The customer is the IT department of a large multinational financial services company, responsible for internal software development. (Company name is left out in compliance with the customer's request.)
The development cycle is supported by several integrated solutions used for requirements management, software architecture and design, testing and quality management.
With the introduction of Agile lifecycle model, the company needed a tool to support it and chose Atlassian JIRA and GreenHopper to do the job. However, JIRA and GreenHopper did not allow to conveniently organize and view the full hierarchical range of the company's book of work, which was important for strategic backlog prioritizing, program management over multiple teams, project tracking and reporting.
Structure plugin was chosen to provide this missing functionality and now the company uses several structures for Business, IT-Management, Project Teams and Quality Management.
Issue types: Request, Epic, Story, Task, Sub-task, Requirement, Bug
Issue links: Feature (Epics are linked to Requests)

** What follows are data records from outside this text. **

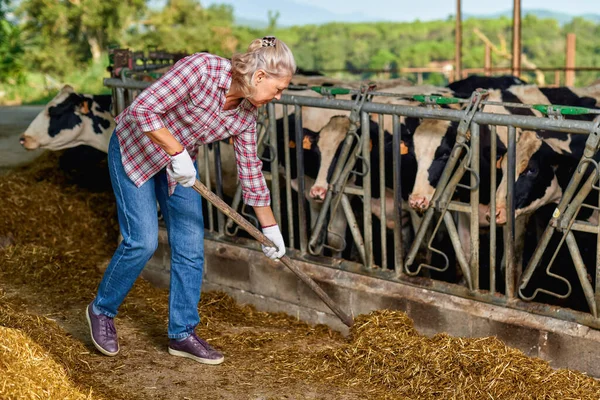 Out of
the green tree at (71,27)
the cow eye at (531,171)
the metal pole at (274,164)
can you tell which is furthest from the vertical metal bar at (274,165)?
the green tree at (71,27)

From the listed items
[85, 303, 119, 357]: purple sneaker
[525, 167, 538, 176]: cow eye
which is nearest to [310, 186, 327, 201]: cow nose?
[525, 167, 538, 176]: cow eye

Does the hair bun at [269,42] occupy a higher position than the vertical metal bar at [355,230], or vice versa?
the hair bun at [269,42]

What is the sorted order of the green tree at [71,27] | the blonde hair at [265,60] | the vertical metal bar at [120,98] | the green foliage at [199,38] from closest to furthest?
the blonde hair at [265,60] < the vertical metal bar at [120,98] < the green foliage at [199,38] < the green tree at [71,27]

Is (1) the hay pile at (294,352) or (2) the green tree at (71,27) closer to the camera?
(1) the hay pile at (294,352)

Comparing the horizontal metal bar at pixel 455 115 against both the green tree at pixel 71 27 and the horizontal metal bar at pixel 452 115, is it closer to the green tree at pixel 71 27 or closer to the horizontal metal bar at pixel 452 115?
the horizontal metal bar at pixel 452 115

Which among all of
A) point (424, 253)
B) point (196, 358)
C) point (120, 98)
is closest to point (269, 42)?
point (196, 358)

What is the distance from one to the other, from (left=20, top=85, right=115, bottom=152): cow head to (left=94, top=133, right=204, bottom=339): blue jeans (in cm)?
350

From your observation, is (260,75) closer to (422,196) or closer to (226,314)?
(422,196)

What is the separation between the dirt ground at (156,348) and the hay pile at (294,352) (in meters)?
0.01

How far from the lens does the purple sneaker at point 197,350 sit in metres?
4.26

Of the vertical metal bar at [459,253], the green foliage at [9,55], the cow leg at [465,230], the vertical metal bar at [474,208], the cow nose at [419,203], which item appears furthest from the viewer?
the green foliage at [9,55]

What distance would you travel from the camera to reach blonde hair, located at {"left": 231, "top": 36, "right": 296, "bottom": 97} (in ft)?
11.4

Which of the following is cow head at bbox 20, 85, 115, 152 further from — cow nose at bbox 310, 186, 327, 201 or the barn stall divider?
cow nose at bbox 310, 186, 327, 201

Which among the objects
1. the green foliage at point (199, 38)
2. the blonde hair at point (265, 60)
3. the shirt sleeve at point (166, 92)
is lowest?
the green foliage at point (199, 38) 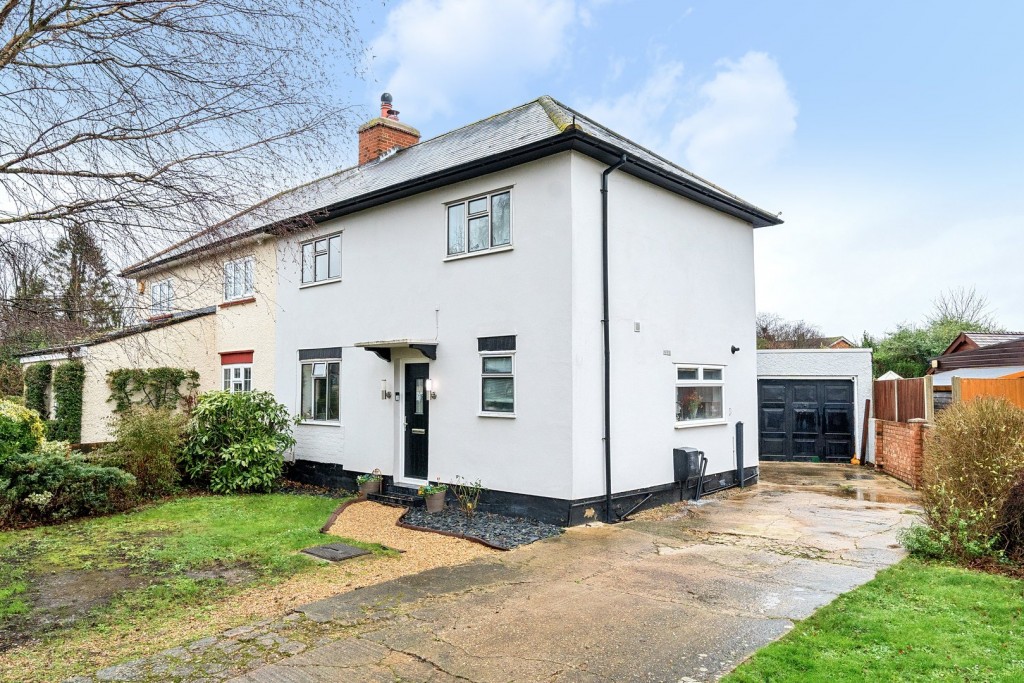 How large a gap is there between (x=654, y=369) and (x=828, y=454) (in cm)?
915

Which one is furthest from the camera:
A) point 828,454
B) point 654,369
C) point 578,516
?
point 828,454

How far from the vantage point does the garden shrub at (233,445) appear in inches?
502

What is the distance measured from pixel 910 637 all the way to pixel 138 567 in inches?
304

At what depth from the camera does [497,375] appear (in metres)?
10.2

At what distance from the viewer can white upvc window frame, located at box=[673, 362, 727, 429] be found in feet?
37.6

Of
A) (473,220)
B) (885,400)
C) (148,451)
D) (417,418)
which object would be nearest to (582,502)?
(417,418)

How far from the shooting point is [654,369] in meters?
10.8

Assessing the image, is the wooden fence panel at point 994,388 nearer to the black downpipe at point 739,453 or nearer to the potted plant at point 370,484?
the black downpipe at point 739,453

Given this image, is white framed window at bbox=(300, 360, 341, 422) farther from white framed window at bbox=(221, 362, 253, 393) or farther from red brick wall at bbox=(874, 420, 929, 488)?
red brick wall at bbox=(874, 420, 929, 488)

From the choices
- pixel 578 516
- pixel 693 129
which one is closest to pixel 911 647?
pixel 578 516

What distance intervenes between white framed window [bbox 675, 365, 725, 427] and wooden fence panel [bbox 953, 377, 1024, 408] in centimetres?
430

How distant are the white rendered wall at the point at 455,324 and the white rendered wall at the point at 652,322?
1.20 ft

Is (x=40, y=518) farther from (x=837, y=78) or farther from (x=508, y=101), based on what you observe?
(x=837, y=78)

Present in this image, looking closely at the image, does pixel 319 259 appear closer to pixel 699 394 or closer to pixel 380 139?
pixel 380 139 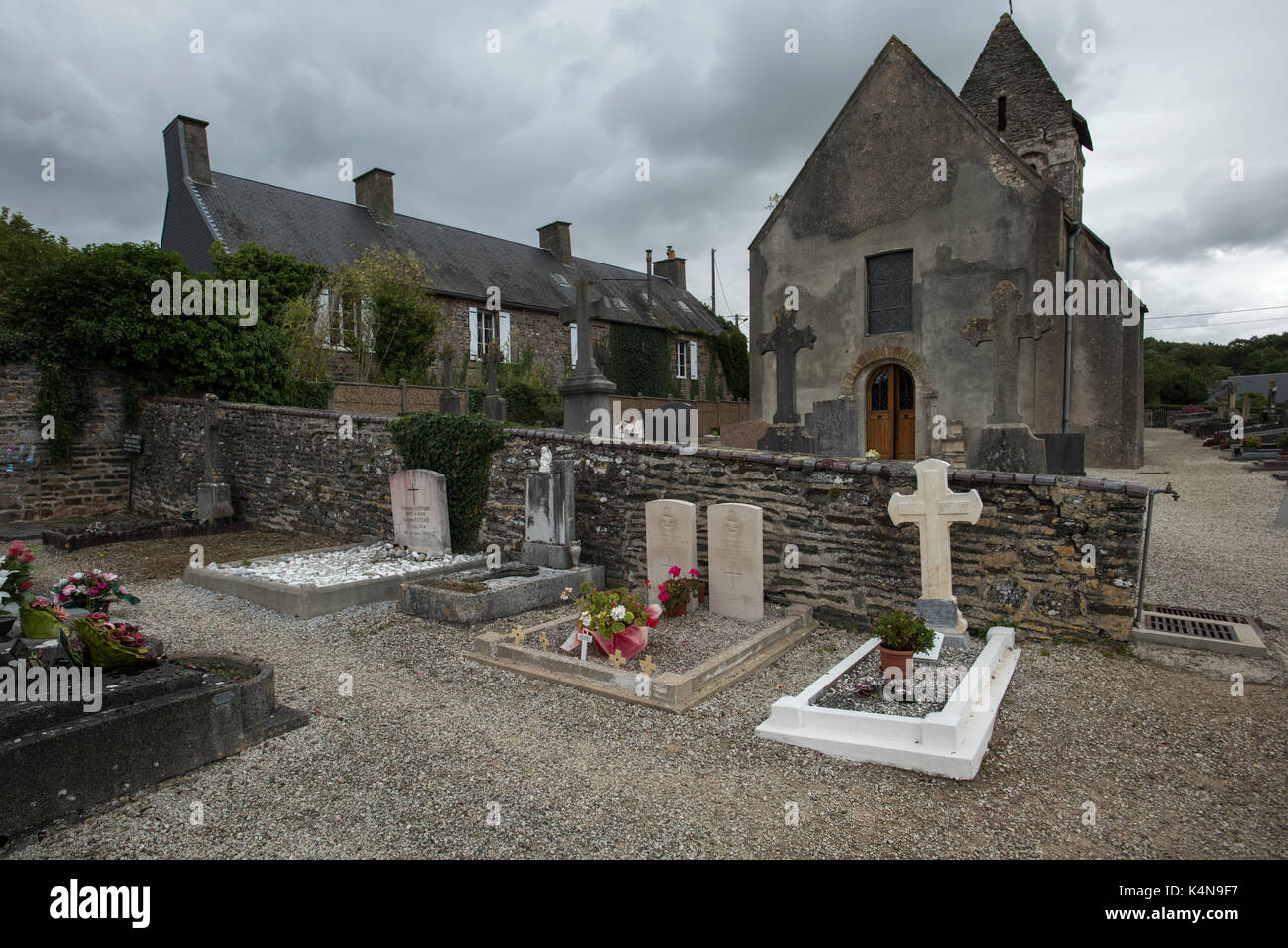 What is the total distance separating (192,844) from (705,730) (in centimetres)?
293

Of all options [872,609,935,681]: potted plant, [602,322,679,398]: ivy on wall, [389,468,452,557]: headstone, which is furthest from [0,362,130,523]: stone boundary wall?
[602,322,679,398]: ivy on wall

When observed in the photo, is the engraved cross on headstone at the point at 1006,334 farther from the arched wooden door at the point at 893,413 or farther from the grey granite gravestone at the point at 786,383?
the arched wooden door at the point at 893,413

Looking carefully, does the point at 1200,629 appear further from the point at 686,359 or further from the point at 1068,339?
the point at 686,359

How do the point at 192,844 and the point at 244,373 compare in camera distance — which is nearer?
the point at 192,844

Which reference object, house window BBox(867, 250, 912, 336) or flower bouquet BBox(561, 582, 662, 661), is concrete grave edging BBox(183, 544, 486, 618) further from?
house window BBox(867, 250, 912, 336)

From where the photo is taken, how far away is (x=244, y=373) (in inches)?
614

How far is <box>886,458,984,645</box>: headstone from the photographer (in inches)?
236

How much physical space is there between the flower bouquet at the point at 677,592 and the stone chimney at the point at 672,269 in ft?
107

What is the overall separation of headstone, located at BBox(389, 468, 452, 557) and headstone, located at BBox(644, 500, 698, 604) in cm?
346

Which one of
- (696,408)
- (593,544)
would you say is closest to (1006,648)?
(593,544)

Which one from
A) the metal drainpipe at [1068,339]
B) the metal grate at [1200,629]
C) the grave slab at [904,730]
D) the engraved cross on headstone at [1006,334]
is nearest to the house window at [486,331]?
the metal drainpipe at [1068,339]

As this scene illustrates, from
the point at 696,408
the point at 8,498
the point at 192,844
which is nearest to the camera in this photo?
the point at 192,844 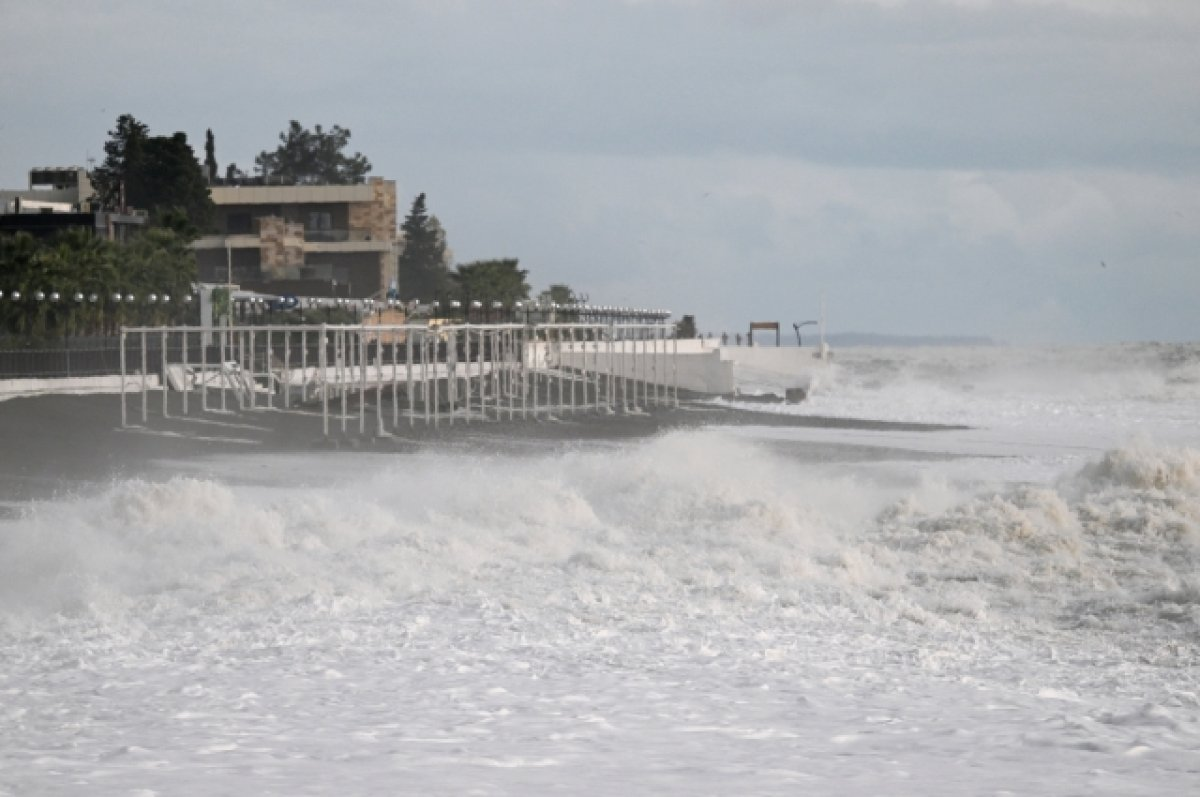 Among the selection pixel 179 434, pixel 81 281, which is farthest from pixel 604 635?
pixel 81 281

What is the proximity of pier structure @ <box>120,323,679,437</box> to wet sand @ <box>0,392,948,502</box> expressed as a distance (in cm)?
31

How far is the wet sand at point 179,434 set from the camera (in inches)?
974

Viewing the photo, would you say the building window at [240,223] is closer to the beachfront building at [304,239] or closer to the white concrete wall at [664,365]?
the beachfront building at [304,239]

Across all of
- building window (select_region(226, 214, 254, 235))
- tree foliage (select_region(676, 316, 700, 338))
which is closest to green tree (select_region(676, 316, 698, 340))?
tree foliage (select_region(676, 316, 700, 338))

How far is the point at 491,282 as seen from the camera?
92812 mm

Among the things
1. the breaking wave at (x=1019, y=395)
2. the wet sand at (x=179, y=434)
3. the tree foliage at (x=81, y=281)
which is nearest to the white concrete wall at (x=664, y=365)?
the breaking wave at (x=1019, y=395)

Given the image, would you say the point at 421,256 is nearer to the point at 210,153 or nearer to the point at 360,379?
the point at 210,153

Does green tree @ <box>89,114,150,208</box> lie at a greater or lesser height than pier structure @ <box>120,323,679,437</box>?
greater

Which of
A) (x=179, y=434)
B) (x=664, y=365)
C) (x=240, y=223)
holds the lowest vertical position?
(x=179, y=434)

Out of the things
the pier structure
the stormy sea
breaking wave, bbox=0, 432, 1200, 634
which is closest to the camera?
the stormy sea

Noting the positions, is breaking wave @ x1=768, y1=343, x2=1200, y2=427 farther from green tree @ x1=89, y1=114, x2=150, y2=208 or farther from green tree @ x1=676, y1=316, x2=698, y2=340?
green tree @ x1=89, y1=114, x2=150, y2=208

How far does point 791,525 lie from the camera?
1873 cm

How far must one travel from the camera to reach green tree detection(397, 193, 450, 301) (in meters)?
113

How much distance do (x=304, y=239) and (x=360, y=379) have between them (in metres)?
44.9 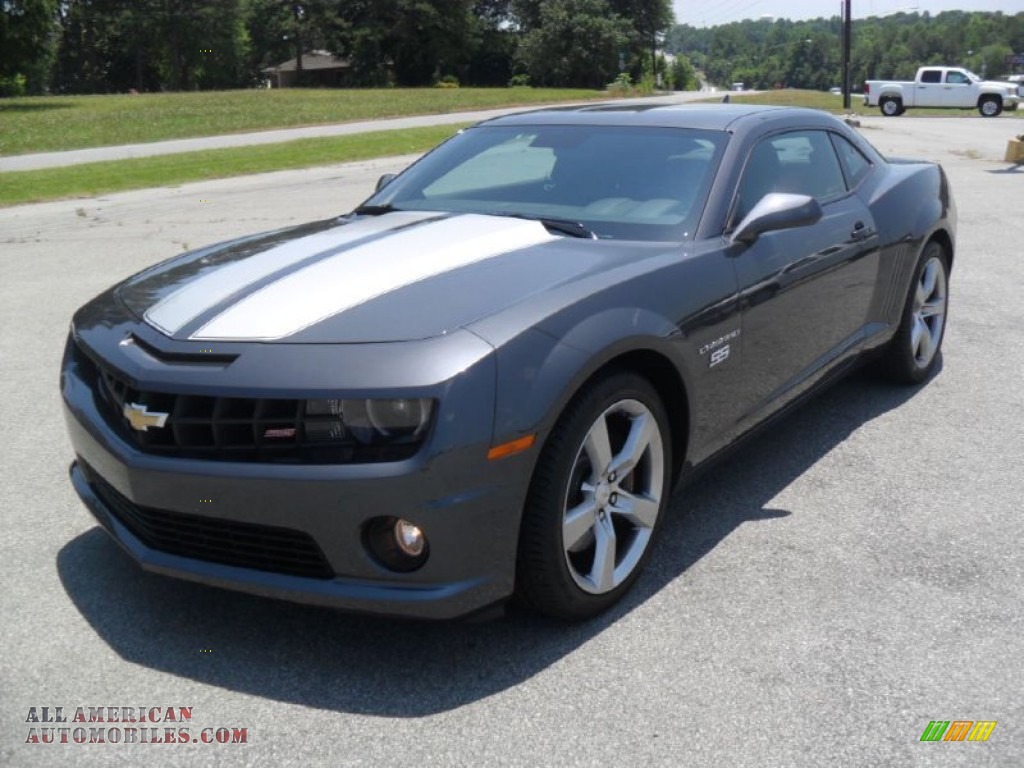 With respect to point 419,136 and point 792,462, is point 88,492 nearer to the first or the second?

Statuses: New, Analysed, Scheduled and other
The company's development process is quite typical for organizations with an internal development department serving the company's needs. Business Partners add their Requests to a JIRA-based central request management system and they are prioritized in a joint effort between Business and IT.
As soon as a Request is scheduled, it is in the hands of the development teams. Each Request can be implemented by several Epics from different projects and these Epics are linked to the Request via Feature link type.
Epics are assigned to different teams and each team may be working on Epics from different projects (there are about 30-40 different projects). Each Epic is broken down into Stories, Tasks, and Sub-Tasks, and may have a number of related bugs.
A structure (concept added by the Structure plugin) is a hierarchical list of issues.
Issues in a structure may be placed under other issues to form hierarchy, with no limits on nesting depth or issue projects or issue types.
The order of issues is also arbitrary and editable by the users.
The company created several structures to have the detailed overview of the whole set of JIRA issues.
The global structure lists all Requests with status New, Analysed and Scheduled with their related Epics, Tasks, Requirements and Bugs. This structure is mainly used for prioritization and progress overview.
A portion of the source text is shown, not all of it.